What you have to do —
It would help if you retyped the data exactly, leaving out the pictures.
---------- Raw data ----------
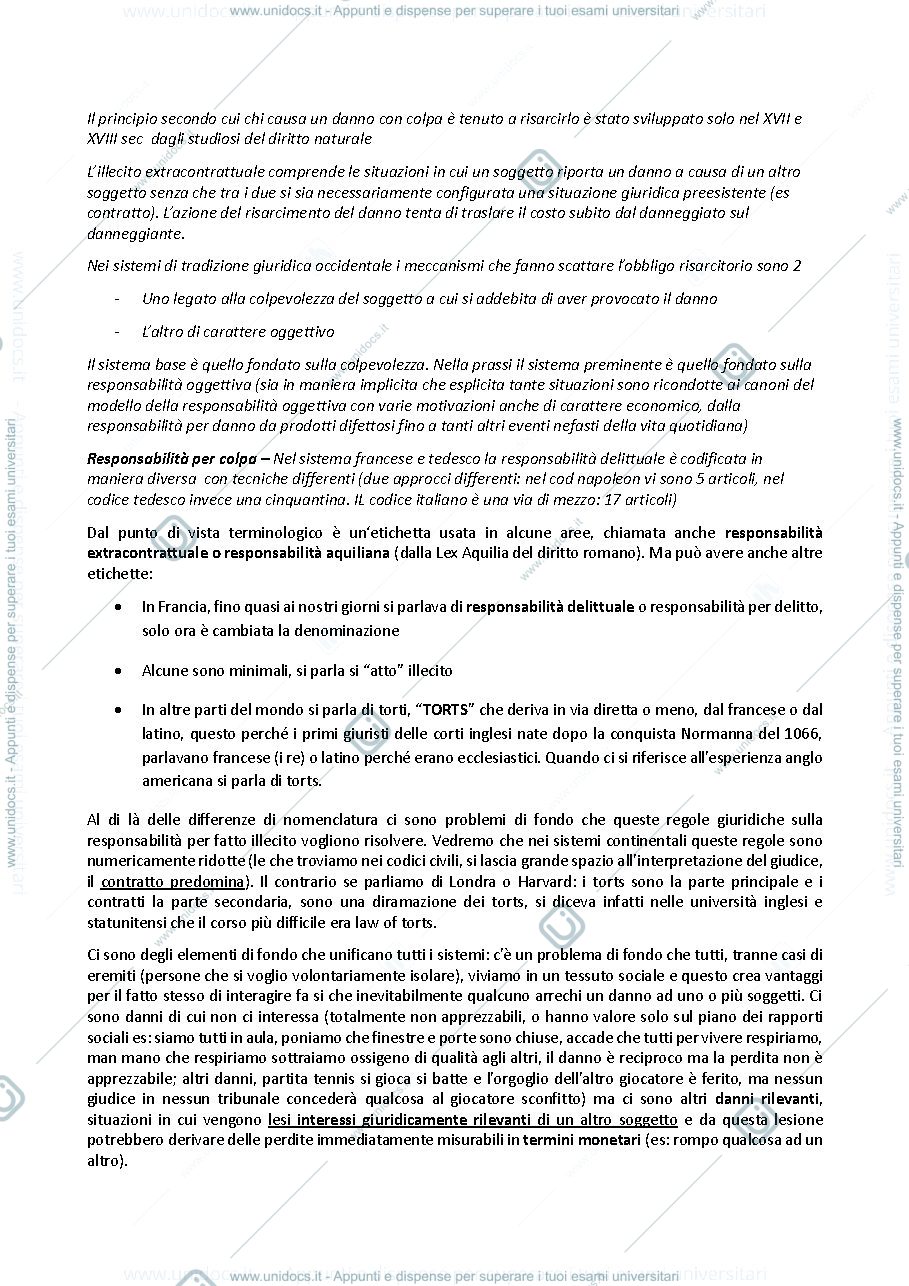 Anteprima pagina 2 — Appunti diritto comparato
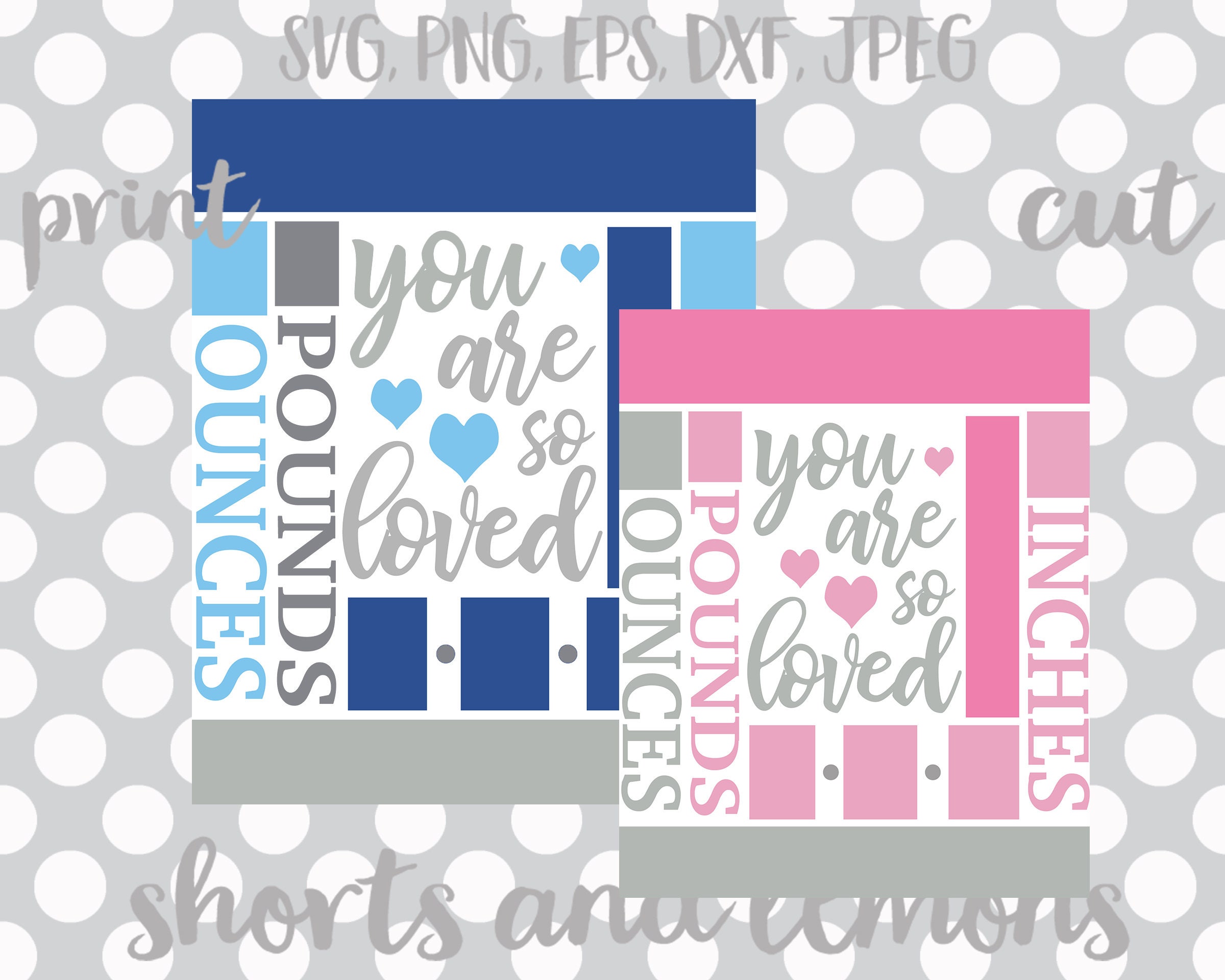 Download Birth Announcement svg Baby svg Template Svg You are so | Etsy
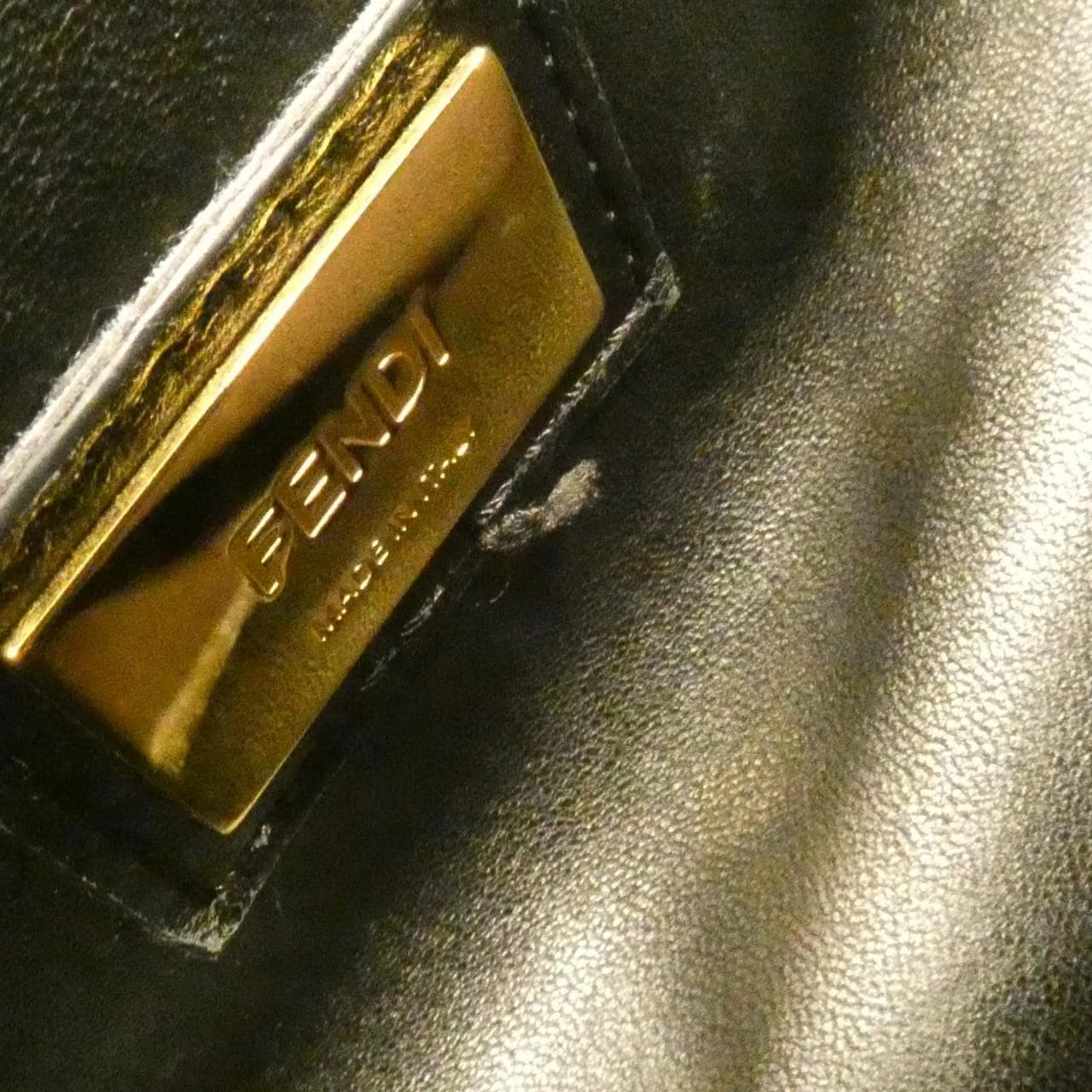 FENDI Peekaboo 8BN290 3ZN Handbag 黑色 中古品B - 縮圖 9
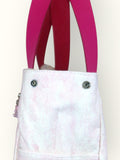 Bolsa Wallow Lilac com Alça de Couro Rosa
----------
Answer space —
 Anteprima pagina 2 — Appunti diritto comparato
 Download Birth Announcement svg Baby svg Template Svg You are so | Etsy
 FENDI Peekaboo 8BN290 3ZN Handbag 黑色 中古品B - 縮圖 9
 Bolsa Wallow Lilac com Alça de Couro Rosa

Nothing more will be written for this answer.